Well, the long tail has hit the book business, and hard. The number of e-books published in 2012 is going to exceed a million, easily. That’s more than eight times as many books as were published to the public a year ago, and many times the number twenty years ago.

Most of those books will be in the long tail and by most economic measures, will fail. A few will end up on the short head and do just fine, thanks very much.

But what about the future of the book? When will we see books with seriously high quality embedded video, multiple endings, plot twists based on your pulse rate and significant interactive features that aren’t that difficult to dream about?

Phil Simon sent along this interview with the head of Ingram books [David “Skip” Prichard]. It’s filled with breathtaking visions of the future, and they are economically ridiculous. The Long Tail creates acres of choice, so much as to make the number of options almost countless. But at the same time, it embraces (in every format) much lower production values. For what Michael Jackson and Sony (NYSE: SNE) paid to produce the Thriller album, today’s artists can make and market more than 5,000 songs. You just can’t justify spending millions of dollars to produce a record in the long tail world.

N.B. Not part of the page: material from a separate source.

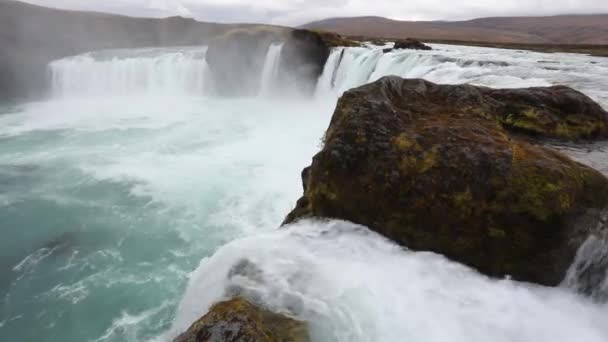 强大的汹涌的白水瀑布在岩石边缘有力地下降 清澈的冰川水流落在悬崖上 — 图库视频影像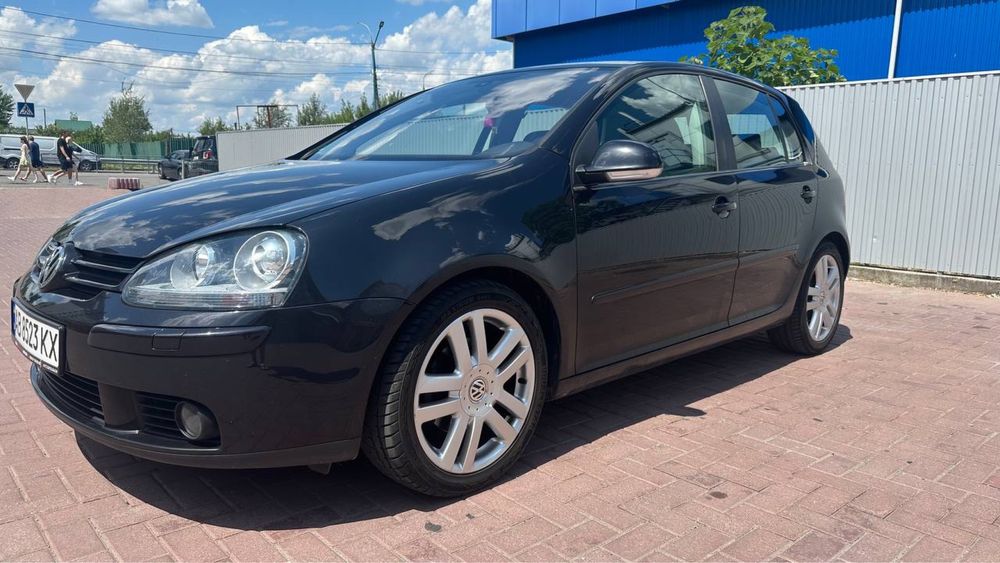 Продам Volkswagen Golf 5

(The only reason that movies still cost so much to make is the finite number of movie screens available to the studios [this choke point enforces the scarcity of the short head]. Once the world is 100% Netflix (NSDQ: NFLX), don’t expect to see many more $200 million movies.)

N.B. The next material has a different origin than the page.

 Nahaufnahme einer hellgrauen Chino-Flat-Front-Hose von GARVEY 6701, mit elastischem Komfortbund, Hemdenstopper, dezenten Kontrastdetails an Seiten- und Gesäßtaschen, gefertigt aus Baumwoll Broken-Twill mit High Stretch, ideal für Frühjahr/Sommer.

The same thing that happened to music is going to be true of books. The typical e-book costs about $10 in out of pocket expenses to write (more if you count coffee and not just pencils). But if we add in $50,000 for app coding, $10,000 for a director and another $500,000 for the sort of bespoke work that was featured in Al Gore’s recent “book”, you can see the problem. The publisher will never have a chance to make this money back.

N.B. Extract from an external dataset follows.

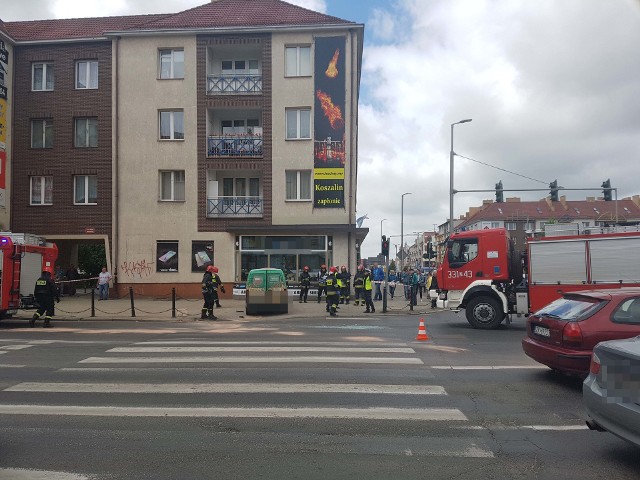 Zderzyły się dwa samochody, dostawczy i osobowy. Ruch jest utrudniony. Na miejscu są pogotowie, dwa wozy straży pożarnej, policja. AktualizacjaDziś krótko po południu, na skrzyżowaniu ulic Zwycięstwa i 1 Maja doszło do wypadku. Zderzyły się opel combo i renault scenic. Początkowo wydawało się, że ani kierowcom, ani pasażerom nic się nie stało, jednak ostatecznie jedną osobę, na wszelki wypadek  przewieziono do szpitala. Na miejscu byli strażacy, policja i pogotowie. Policja ustala okoliczności wypadku. Ruch w tym miejscu był utrudniony. Zobacz także: Koszalin: Próbne wybuchy na budowie obwodnicy Koszalin-Sianów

Sure, there will be experiments at the cutting edge, but no, they’re not going to pay off regularly enough for it to become an industry. The quality is going to remain in the writing and in the bravery of ideas, not in teams of people making expensive digital books.

The market didn’t really make a conscious choice here, but the choice has been made: it’s not a few publishers putting out a few books for the masses. No, the market for the foreseeable future is a million publishers publishing to 100 million readers. Do the math. Lots of choice, not a lot of whistles. And no bells.

This post originally appeared on The Domino Project.

Seth Godin is the founder of The Domino Project and has written twelve books that have been translated into more than thirty languages. Every one has been a bestseller. He writes about the post-industrial revolution, the way ideas spread, marketing, quitting, leadership and most of all, changing everything.

This article originally appeared in The Domino Project.

3 Responses to “How The Long Tail Cripples Bonus Content/Multimedia”

  1. Mia Amato

    I call bu**sh**t on the whole article.  Creativity in ebooks design has absolutely nothing to do with market forces.  Or how much gets spent on production.  There’s a ton of functionality in epub, for example, that has yet to be harnessed, and it’s available to anyone producing an ebook.  Or a regular book. 

  2. tetracycloide

    The entire premise of the article is flawed because it is based on the assumption that money = production value.  It does not.  If anything the fact that there is less money per project on the table means investors will be more willing to take risks that lead to better art.  I mean this, “The quality is going to remain in the writing and in the bravery of ideas” is a very very good thing if you enjoy reading.  I’m not sure I follow the logic that “a million publishers publishing to 100 million readers” will mean “not a lot of whistles. And no bells.”  If anything a market like that will encourage individual authors and publishers to make their product stand out from the rest with value adds like bells and whistles.  It’s the cash-cow projects of the past, predicated on a captive audience with little exposure to competing products, that encourage a lack of bells and whistles.  Why bother trying to stand out when you already do, after all?  Again, it all comes back to that implicit assumption that production values require boatloads of cash which simply isn’t always true.  Hell, if the copyright restrictions are relaxed a bit the customers themselves could be creating these value adds completely free of charge simply because they enjoy the original work.  This is especially true in the case of the ‘long tail’ where there are fewer interested consumers but each has a far greater interest in the art than usual.

  3.  If more than 1 million titles are to be published next yea it is no
    wonder it’s hard to get noticed. If this keeps up, the problem won’t be
    getting published, it will be finding content worth reading. In the end,
    this could make the role of editor more important.